こうした原則は当たり前のように聞こえるし、「そんなことはわかっている」と思うかもしれない。だが原則をただ言葉として読んで「そんなことはわかってる」と思っているのと、実際に自分の考え方を変えるまでに納得することには大きな隔たりがある。

自分の間違いに気づき、その理由を考え、自分こそが認知バイアスにとらわれていたことを痛感する……。そういう直接的な体験を通さなければ、自分の血肉にすることは難しい。

俯瞰的な思考を持つ人は「間違いを認める」のではなく「アップデートする」と言うことがある。これは確率論の専門用語で、新たな情報を得た後で確率を修正する方法を表す「ベイズ更新」に由来している。

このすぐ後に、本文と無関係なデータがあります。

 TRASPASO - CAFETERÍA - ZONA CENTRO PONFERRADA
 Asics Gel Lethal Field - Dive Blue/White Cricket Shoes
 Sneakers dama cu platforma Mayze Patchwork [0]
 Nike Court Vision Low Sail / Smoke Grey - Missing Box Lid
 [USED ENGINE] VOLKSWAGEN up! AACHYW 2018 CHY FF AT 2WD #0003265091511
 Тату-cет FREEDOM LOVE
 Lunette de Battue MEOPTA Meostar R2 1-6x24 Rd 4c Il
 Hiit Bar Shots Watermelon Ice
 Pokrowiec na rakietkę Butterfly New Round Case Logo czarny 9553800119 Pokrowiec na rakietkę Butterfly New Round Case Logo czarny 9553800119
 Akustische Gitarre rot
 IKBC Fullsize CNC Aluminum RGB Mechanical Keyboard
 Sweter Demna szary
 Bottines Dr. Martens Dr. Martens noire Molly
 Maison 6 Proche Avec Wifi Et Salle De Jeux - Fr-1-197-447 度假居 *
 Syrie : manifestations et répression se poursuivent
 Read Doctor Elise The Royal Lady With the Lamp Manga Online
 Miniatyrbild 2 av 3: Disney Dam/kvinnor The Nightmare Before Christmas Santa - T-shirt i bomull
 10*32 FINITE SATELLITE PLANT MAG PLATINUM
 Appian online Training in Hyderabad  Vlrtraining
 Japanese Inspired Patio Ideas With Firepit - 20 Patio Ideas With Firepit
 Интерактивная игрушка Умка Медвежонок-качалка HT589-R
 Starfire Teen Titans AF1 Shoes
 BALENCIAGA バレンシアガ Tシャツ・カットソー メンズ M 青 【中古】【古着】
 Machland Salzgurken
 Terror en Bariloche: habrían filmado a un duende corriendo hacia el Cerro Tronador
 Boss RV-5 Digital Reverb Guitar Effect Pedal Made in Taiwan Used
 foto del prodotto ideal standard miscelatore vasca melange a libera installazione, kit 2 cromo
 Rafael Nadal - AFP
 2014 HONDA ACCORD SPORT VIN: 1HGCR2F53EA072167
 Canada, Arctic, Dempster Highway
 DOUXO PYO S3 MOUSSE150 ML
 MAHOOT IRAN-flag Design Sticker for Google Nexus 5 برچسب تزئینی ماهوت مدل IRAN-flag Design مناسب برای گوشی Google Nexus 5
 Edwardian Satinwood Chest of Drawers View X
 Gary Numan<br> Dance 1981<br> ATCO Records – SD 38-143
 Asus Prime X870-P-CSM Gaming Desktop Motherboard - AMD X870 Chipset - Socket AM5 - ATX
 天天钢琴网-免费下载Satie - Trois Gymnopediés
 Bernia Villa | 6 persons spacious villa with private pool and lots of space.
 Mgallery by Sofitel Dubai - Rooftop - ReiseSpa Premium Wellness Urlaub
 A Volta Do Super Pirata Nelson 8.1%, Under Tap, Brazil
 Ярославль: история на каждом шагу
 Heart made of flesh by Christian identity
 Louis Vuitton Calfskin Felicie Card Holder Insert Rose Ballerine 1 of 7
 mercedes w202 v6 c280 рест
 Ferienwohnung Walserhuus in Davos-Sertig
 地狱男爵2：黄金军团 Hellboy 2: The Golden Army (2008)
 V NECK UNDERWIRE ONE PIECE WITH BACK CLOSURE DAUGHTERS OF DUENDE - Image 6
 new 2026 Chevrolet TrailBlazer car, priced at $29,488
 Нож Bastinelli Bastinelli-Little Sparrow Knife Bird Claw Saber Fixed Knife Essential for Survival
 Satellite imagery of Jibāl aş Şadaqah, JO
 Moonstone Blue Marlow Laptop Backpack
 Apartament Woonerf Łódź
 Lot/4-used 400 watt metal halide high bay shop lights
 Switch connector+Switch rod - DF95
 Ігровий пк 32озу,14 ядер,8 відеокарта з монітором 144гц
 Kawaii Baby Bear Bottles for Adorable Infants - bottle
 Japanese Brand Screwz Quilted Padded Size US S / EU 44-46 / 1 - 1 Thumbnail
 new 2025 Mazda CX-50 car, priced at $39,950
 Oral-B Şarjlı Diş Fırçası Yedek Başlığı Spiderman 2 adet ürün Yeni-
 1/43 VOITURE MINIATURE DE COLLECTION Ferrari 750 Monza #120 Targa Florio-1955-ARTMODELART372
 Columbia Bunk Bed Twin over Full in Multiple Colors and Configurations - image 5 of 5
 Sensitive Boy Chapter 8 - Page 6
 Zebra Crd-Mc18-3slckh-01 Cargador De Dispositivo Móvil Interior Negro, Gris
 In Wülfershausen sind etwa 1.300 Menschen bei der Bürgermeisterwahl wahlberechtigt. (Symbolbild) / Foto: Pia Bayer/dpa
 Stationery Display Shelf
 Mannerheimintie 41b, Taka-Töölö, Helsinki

アップデートとは、日常的にひっそりと行われるものだ。大げさな罪の告白とは正反対だ。アップデートとは、それまでのものを失敗だと見なさずに、よりよいもの、より新しいものに変えていくことだ。

世界最大のライブストリーミング・プラットフォーム「ツイッチ」のCEO兼共同設立者エメット・シアーは、もともと自分の間違いを認めるのが苦手だった。だが、「間違い=失敗」ではないと理解することで、しだいにそれができるようになっていった。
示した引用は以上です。